Titled Rhetorics of Resistance, the book, by Professor Bryan Trabold of Sussex University in Boston, explores the history of this anti-apartheid newspaper, which later became the Mail & Guardian.

“Most of the founders, both editors and managers, were Jewish. So were most of those who put money into it, so were the lawyers and the printers. The writers included Gus Silber, Arthur Goldstuck, Hilary Joffe, and Barbara Ludman; the illustrators included William Kentridge and Zapiro,” said Manoim.

While Rhetorics of Resistance is about censorship and resistance in the press during the late apartheid State of Emergency, the fact that the Weekly Mail was founded and produced mainly by Jews means that this is an important part of our community’s history, Manoim said.

Trabold based his book on two newspapers: The New Nation, a paper aimed at a largely black, working class audience and funded by the Catholic Church; and The Weekly Mail, “which was then largely owned by its own staff. Its aim was to open the eyes of white South Africans to what was happening in this country right under their noses,” said Manoim.

Trabold started his research 20 years ago in 1998, during a two-year period he spent in South Africa. He made several visits to South Africa after that, but nothing further materialised.

Manoim and Harber kept up a sporadic correspondence with Trabold over the years, when he would email questions to them. “It did come as a pleasant surprise when six weeks ago, he announced that the book had been published. He launched it in South Africa on 2 August at the University of Johannesburg,” said Manoim.

Trabold read every page of every edition of these two papers from 1985 to 1990, and also interviewed scores of people, trying to understand how people living in repressive societies respond to attempts to silence them.

“The reason he chose The Weekly Mail is that the paper was particularly cunning in its techniques of sliding around censorship. It used oblique language to tell forbidden stories by implication only, pushing the envelope and daring the authorities to risk taking it to court, and by manipulating loopholes in poorly-written regulations,” said Manoim.

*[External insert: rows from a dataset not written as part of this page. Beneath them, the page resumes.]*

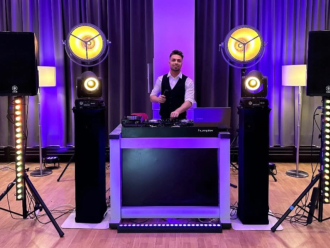 DJ Przemek Bryl | DJ na wesele Koszalin, zachodniopomorskie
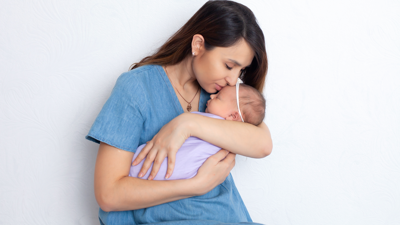 تجميد البويضات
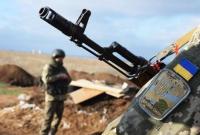 Боевики совершили 31 обстрел сил АТО, ранены двое военных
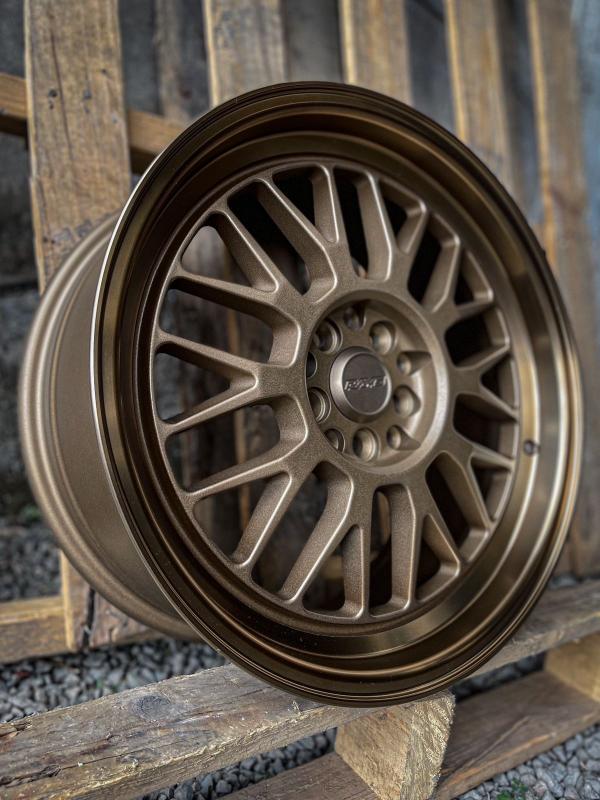 ARO 17X7.5 (H8118) 5/100/114.3 BZ/BZ COATING (SET 4 AROS)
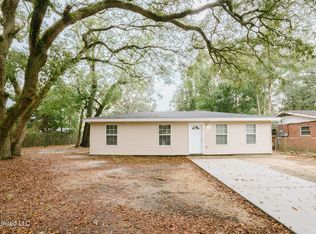 101 30th St, Gulfport, MS 39507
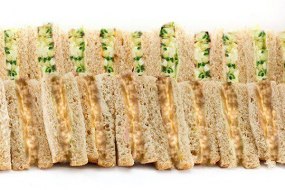 All occasions catering and events Event Catering Profile 1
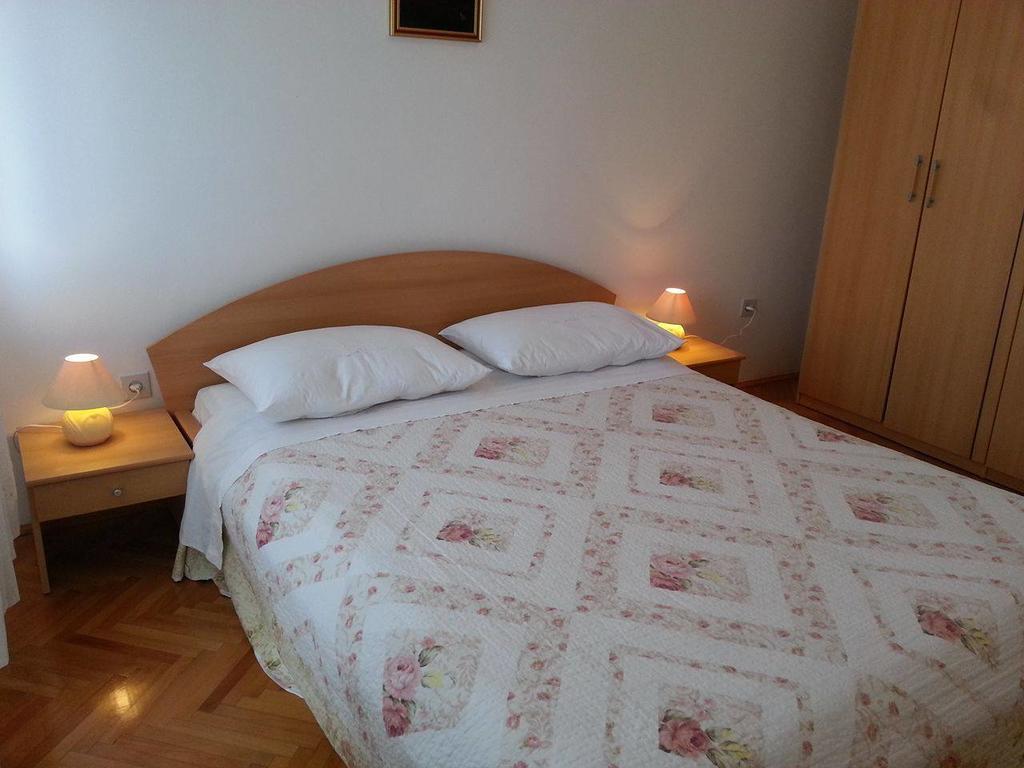 Apartment Ivo Trogir Ngoại thất bức ảnh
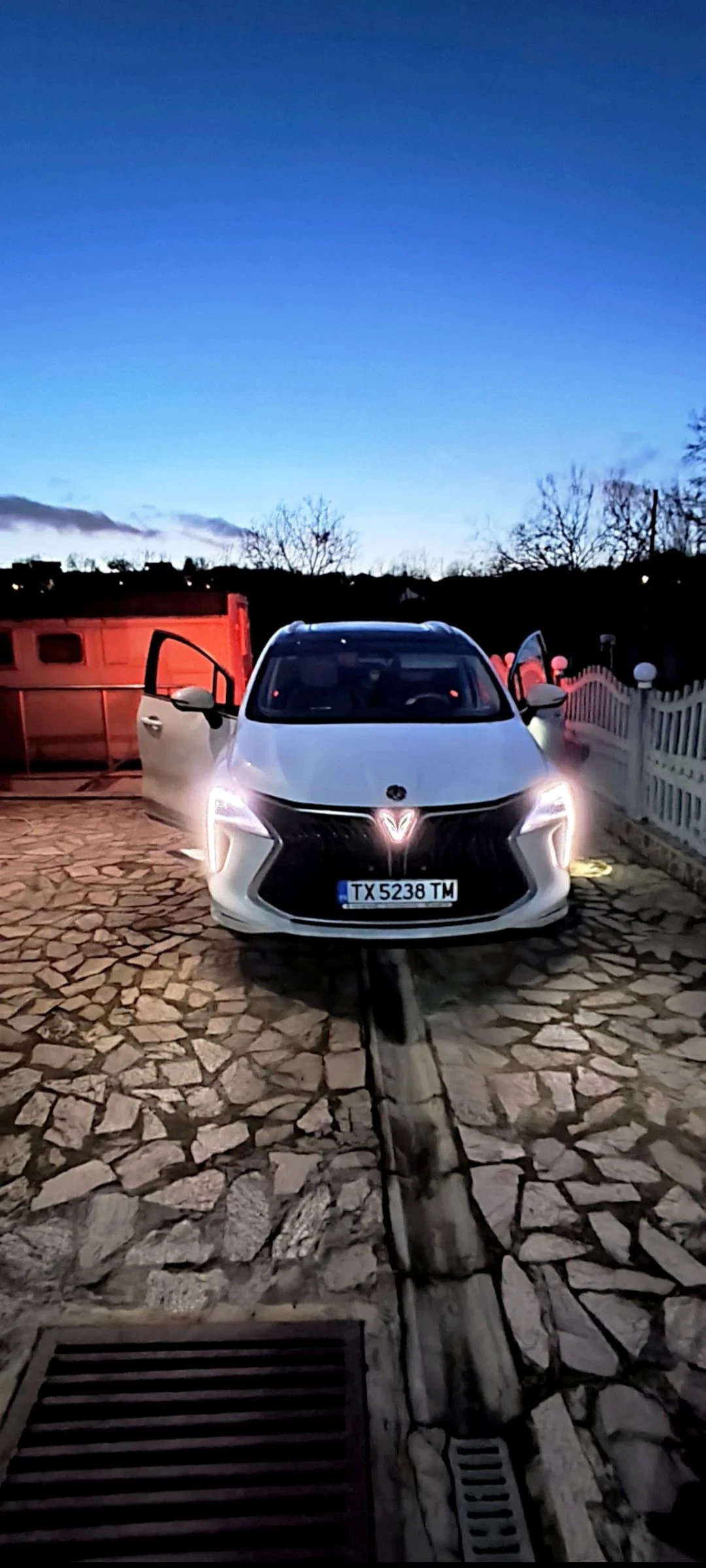 DONGFENG M4-YACHT | Mobile.bg � ����������� 1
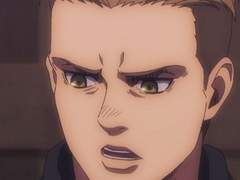 <리바이의 사생활1 (13화)>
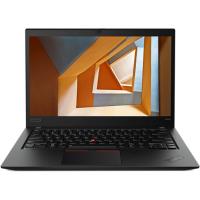 Ноутбук Lenovo ThinkPad T495S (20QJ0005US) 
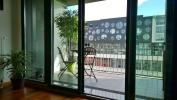 Vente Appartement Paris-19eme-arrondissement Pont de flandre 75019 5 pieces 92 m2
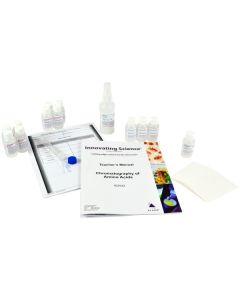 Innovating Science® - Chromatography of Amino Acids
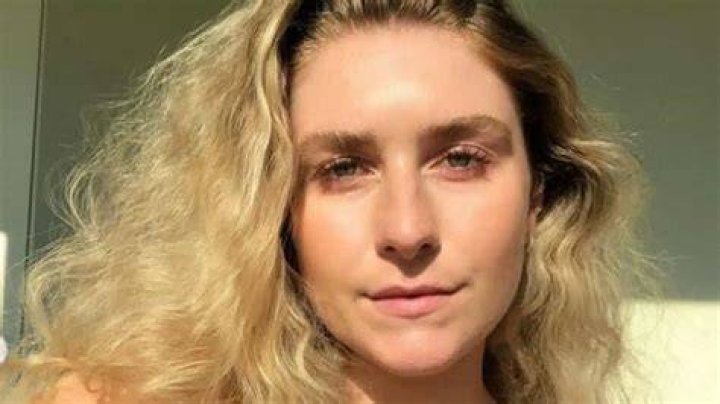Courtney Taylor Olsen Bio (Wiki) 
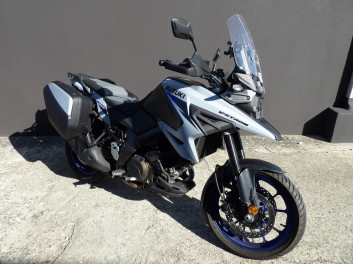 SUZUKI DL V-STROM 1050 SE VSTROM 1050 SE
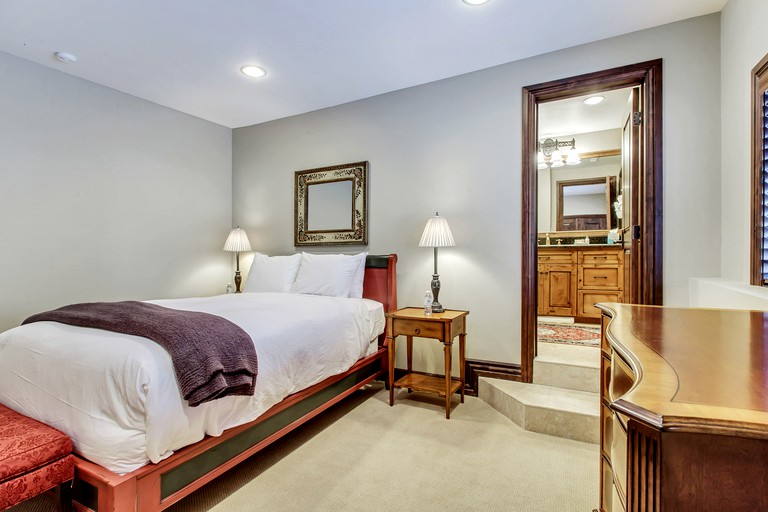 Vacation Rentals (United States of America, Park City, Utah)
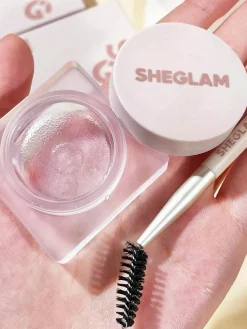 Gel fixateur pour sourcils Set Me Up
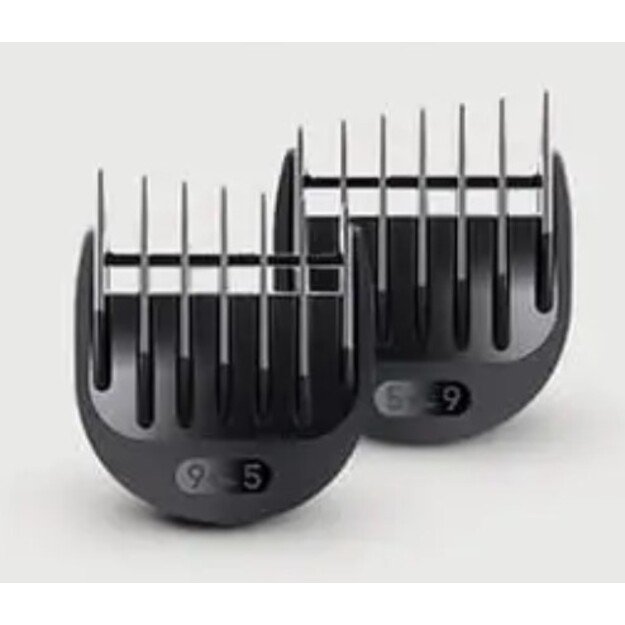 Braun MGK7491 Black 13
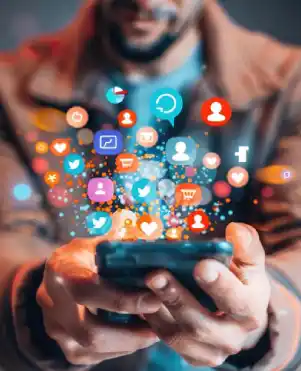 Social Media Marketing Service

“The paper was best known for its black lines and blank spaces, intended to draw attention to censorship – this was presumably successful because both devices were banned,” he said. “The book is a tribute not only to the journalists, but also to their creative lawyers. But, it is also a story about banning – The Weekly Mail was banned for several months – and intimidation and harassment.”

Staff were subjected to bricks thrown through windows, petrol bombs, court prosecutions, and detentions without trial.

Manoim believes the book is a valuable reminder of a forgotten period in South African history, “and in an age when the media are denigrated from all sides as ‘fake news’, it is a timely reminder that at the worst of times, a courageous press [and courageous printers] can be the best of antidotes”.

The entire launch team of The Weekly Mail was Jewish bar one, but Manoim believes there is nothing unusual about the number of Jews active in an anti-apartheid paper. “During the eighties, Jews were prominent in a number of anti-apartheid organisations such as the End Conscription Campaign, the Detainee Parents Support Committee, the Black Sash, and cultural organisations such as The Market,” he said.

“There were also many Jewish human rights lawyers active at the time, and several specifically Jewish anti-apartheid groups. But before we get too self-congratulatory, we should also remember that all whites benefitted from apartheid, that many Jews supported apartheid, and that those who spoke out came under frequent attack within the community for ‘fostering anti-Semitism’.”

Nowadays, it is unusual to see a Jewish name in a by-line, especially in the mainstream press. Manoim feels this is because in a period when South Africa’s population has doubled, the Jewish population has halved.

“This alone helps explain the fall-off in the number of Jewish journalists. Jews were prominent during a period when almost all journalists were white. The overall percentage of white journalists is also shrinking. Nonetheless, the small handful of Jewish journalists left are among the best in the country: Richard Poplak, Mandy Wiener, Kevin Bloom, and more.”

In an essay on the history of Jews and print newspapers in South Africa published in the Pesach 2018 edition of Jewish Affairs,” Manoim elaborates on this topic: “The Jews have left few footprints in the South African media. But they did take many of the first steps, played an important role as initiators of new media and as exposers of injustice, and this role deserves to be honoured.”

Now, more than ever, Manoim believes it is crucial that the Jewish community has a strong internal press. “There’s been a disturbing tendency within the Jewish community to silence internal dissent, and it is very important that a Jewish newspaper comes out emphatically on the side of free speech.

“The issue is not whether you agree with the dissenters, or who is right and who is wrong, but whether you come down on the side of open debate, or censorship. If there are any lessons to be learnt from The Weekly Mail, it is that there are times when an editor has to find the courage to make unpopular decisions.”